Secretary of Agriculture Ann M. Veneman yesterday [Wednesday] outlined an almost utopian vision for food and farm policy radically different from the 70 years of US experience with government intervention. Although the proposal has the personal endorsement of President George Bush, his administration’s top officials are acutely aware its goals are difficult to achieve in the political arena because many of them challenge an established power structure of commercial-scale crop producers reluctant to part with their current support.

Veneman’s approach no doubt will invite criticism also because it seeks to adapt to, rather than resist, the consumer-driven “supply chain” forces rapidly altering the food and agricultural system. Considering such economic forces inevitable, the policy highlights the benefits both producers and processors can derive from contract arrangements. It fully endorses biotechnology but concedes new institutional arrangements may be needed to realise its benefits.

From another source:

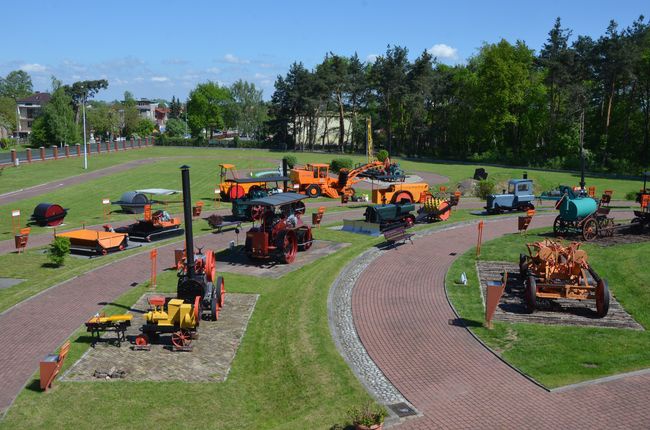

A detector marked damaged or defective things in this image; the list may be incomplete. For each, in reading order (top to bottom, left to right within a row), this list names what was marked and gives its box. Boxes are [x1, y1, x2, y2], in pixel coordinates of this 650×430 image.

In addition, Veneman suggests increased attention to research and control of animal and plant diseases and protection of food safety, more environmental benefits in return for conservation payments, creation of new jobs in rural areas, stronger focus on nutrition and “particular attention in the delivery of food assistance for low-income families.”

US farm supports would have to be scaled back from the record costs under “Freedom to Farm” programs so as not to encourage excessive production and reliance on government and to give US trade negotiators ammunition to press for ending market access barriers and export subsidies by other countries. It would move further away from supporting the price of farm commodities and put more emphasis on farmers’ income.